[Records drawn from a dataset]
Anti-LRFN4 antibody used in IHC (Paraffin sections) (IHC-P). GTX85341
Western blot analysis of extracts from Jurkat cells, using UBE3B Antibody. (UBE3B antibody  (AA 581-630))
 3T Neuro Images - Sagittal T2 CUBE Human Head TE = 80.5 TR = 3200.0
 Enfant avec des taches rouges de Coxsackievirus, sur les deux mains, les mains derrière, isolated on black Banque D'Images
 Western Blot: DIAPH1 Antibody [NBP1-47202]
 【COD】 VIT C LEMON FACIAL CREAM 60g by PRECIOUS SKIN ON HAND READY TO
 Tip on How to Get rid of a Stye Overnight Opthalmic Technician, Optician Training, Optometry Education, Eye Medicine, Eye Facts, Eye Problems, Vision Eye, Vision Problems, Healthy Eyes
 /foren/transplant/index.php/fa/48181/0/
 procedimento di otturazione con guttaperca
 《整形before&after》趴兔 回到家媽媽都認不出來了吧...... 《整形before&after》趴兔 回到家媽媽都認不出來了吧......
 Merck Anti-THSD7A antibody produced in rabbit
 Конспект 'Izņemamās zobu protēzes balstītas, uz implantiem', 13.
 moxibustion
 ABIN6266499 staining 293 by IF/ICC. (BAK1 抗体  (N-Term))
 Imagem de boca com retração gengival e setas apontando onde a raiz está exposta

## Exercise
Copy out each entry precisely. Leave nothing out.

## Response area
Anti-LRFN4 antibody used in IHC (Paraffin sections) (IHC-P). GTX85341
Western blot analysis of extracts from Jurkat cells, using UBE3B Antibody. (UBE3B antibody  (AA 581-630))
 3T Neuro Images - Sagittal T2 CUBE Human Head TE = 80.5 TR = 3200.0
 Enfant avec des taches rouges de Coxsackievirus, sur les deux mains, les mains derrière, isolated on black Banque D'Images
 Western Blot: DIAPH1 Antibody [NBP1-47202]
 【COD】 VIT C LEMON FACIAL CREAM 60g by PRECIOUS SKIN ON HAND READY TO
 Tip on How to Get rid of a Stye Overnight Opthalmic Technician, Optician Training, Optometry Education, Eye Medicine, Eye Facts, Eye Problems, Vision Eye, Vision Problems, Healthy Eyes
 /foren/transplant/index.php/fa/48181/0/
 procedimento di otturazione con guttaperca
 《整形before&after》趴兔 回到家媽媽都認不出來了吧...... 《整形before&after》趴兔 回到家媽媽都認不出來了吧......
 Merck Anti-THSD7A antibody produced in rabbit
 Конспект 'Izņemamās zobu protēzes balstītas, uz implantiem', 13.
 moxibustion
 ABIN6266499 staining 293 by IF/ICC. (BAK1 抗体  (N-Term))
 Imagem de boca com retração gengival e setas apontando onde a raiz está exposta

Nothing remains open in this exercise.